What needs to be done: The response should consist of the data below, copied exactly, with no pictures in it.

Material provided: Begin

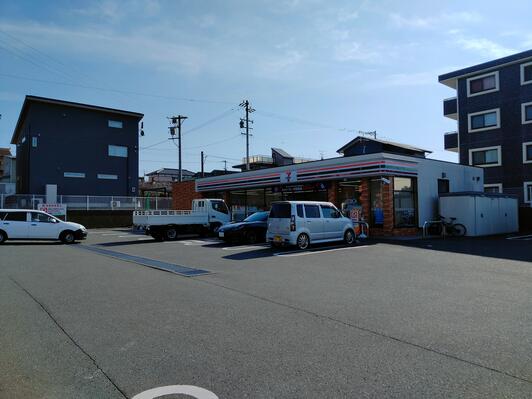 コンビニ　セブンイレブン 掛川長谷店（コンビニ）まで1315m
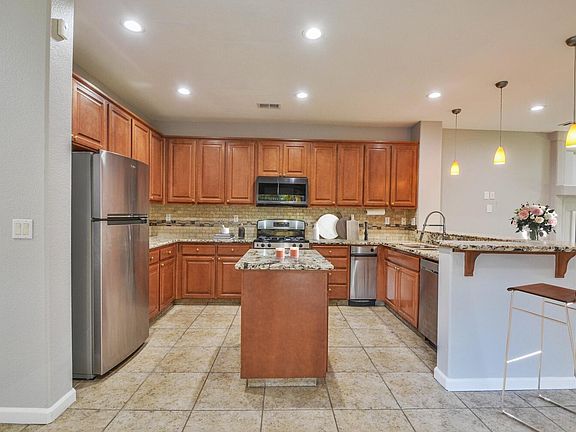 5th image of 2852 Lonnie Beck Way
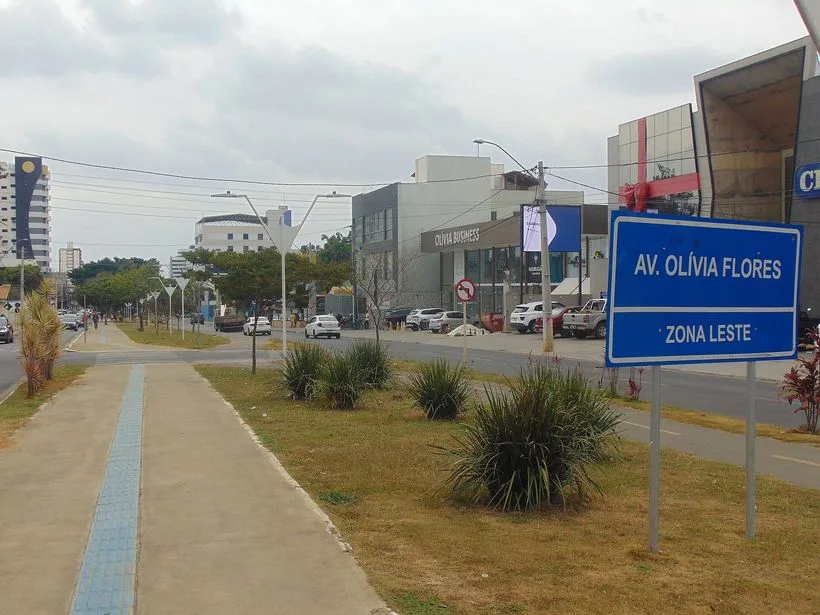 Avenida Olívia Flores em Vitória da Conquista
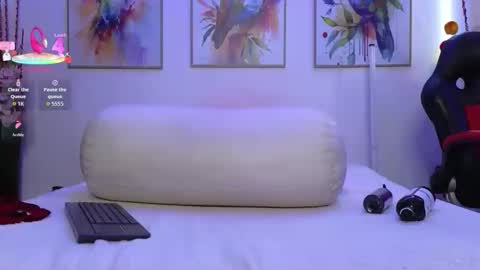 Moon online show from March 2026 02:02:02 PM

Material provided: End

Task answer:
 コンビニ　セブンイレブン 掛川長谷店（コンビニ）まで1315m
 5th image of 2852 Lonnie Beck Way
 Avenida Olívia Flores em Vitória da Conquista
 Moon online show from March 2026 02:02:02 PM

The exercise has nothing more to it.